“Britain was the first major economy in the world – let alone the EU - to place upon our own shoulders a legal obligation to be carbon neutral by 2050," said Boris Johnson.

By Ian Horswill


Posted on February 5, 2020

Hybrid vehicles have seemed the sensible option for many environmentally concerned people awaiting the electric vehicles revolution.

However, UK Prime Minister Boris Johnson will announce that his country will no longer sell hybrid, petrol or diesel vehicles from 2035. This is five years earlier than previously announced and includes hybrid vehicles for the first time.

Hybrid vehicles are cleaner than traditional vehicles but the argument that hybrids only travel limited distances on electric power before the need to use petrol or diesel appears to have consigned them to death, The Telegraph reported.

Electric vehicles are becoming increasingly popular and the number of electric vehicle models available in Europe will jump from fewer than 100 to 175 by the end of the year, according to data firm IHS Markit. By 2025 there will be more than 330, based on an analysis of company announcements. It is likely the hybrid vehicle will gradually be phased out across the world once electric vehicles take hold.

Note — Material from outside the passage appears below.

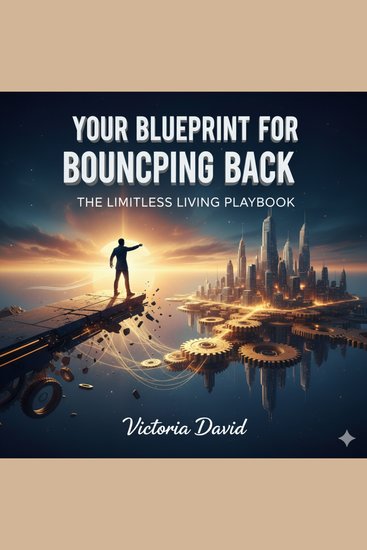 Your Blueprint for Bouncing Back - The Limitless Living Playbook - cover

Boris Johnson will set out the proposals during Tuesday’s official launch of the 26th United Nations Climate Conference (COP26), which is due to take place in Glasgow in November.

He will be accompanied at the event by Sir David Attenborough and the Italian Prime Minister Giuseppe Conte, where Johnson will call on other nations to follow the UK in setting legally-binding targets to hit net zero emissions by 2050.

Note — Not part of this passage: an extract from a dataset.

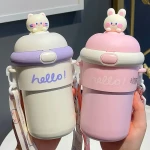 ZOO THERMOS STAINLESS STEEL BOTTLE FOR KIDS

“Britain was the first major economy in the world – let alone the EU – to place upon our own shoulders a legal obligation to be carbon neutral by 2050,” Johnson said at the Royal Maritime Museum in Greenwich, London, a symbol of Britain’s former dominance in global trade.

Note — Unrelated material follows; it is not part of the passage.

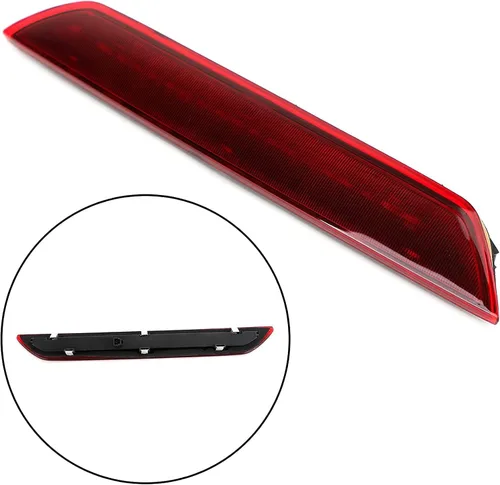 Vista 8 de Tercera luz de freno LED luz de carga de montaje alto para Ford Transit 150 250 350 MK8 Custom 1899968 reemplazo de lámpara de luz de freno de alto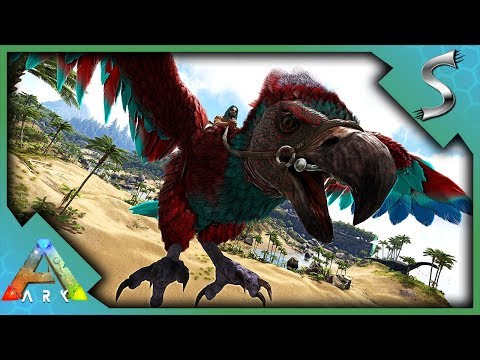NEW ARGENTAVIS TLC MODEL & ABILITIES! FULLY MUTATED & RAPID REGEN! - Ark: Survival Evolved [S4E112]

“That will put huge strains on our system, it will require full effort and change, but we know we can do it.

“We have cut our carbon emissions by nearly twice the EU average since 1990, 42% and we have cut while the GDP (Gross Domestic Product) has grown by about 70%.”

New European Union rules came into force on 1 January that heavily penalise car manufacturers if average carbon dioxide emissions from the cars they sell rise above 95g per kilometre. If carmakers exceed that limit, they will have to pay a fine of €95 (£79) for every gram over the target, multiplied by the total number of cars they sell. The excess emissions bill would have been £28.6bn on 2018 sales figures, according to analysis by the automotive consultancy Jato Dynamics.

Up to 30,000 delegates including world leaders are expected to attend COP26 at Glasgow’s Scottish Events Campus. COP26 follows the US Presidential Election and is widely seen as the last realistic chance for countries to pledge the deep cuts in emissions to hold global heating to no more than 2C – and prevent catastrophic climate change.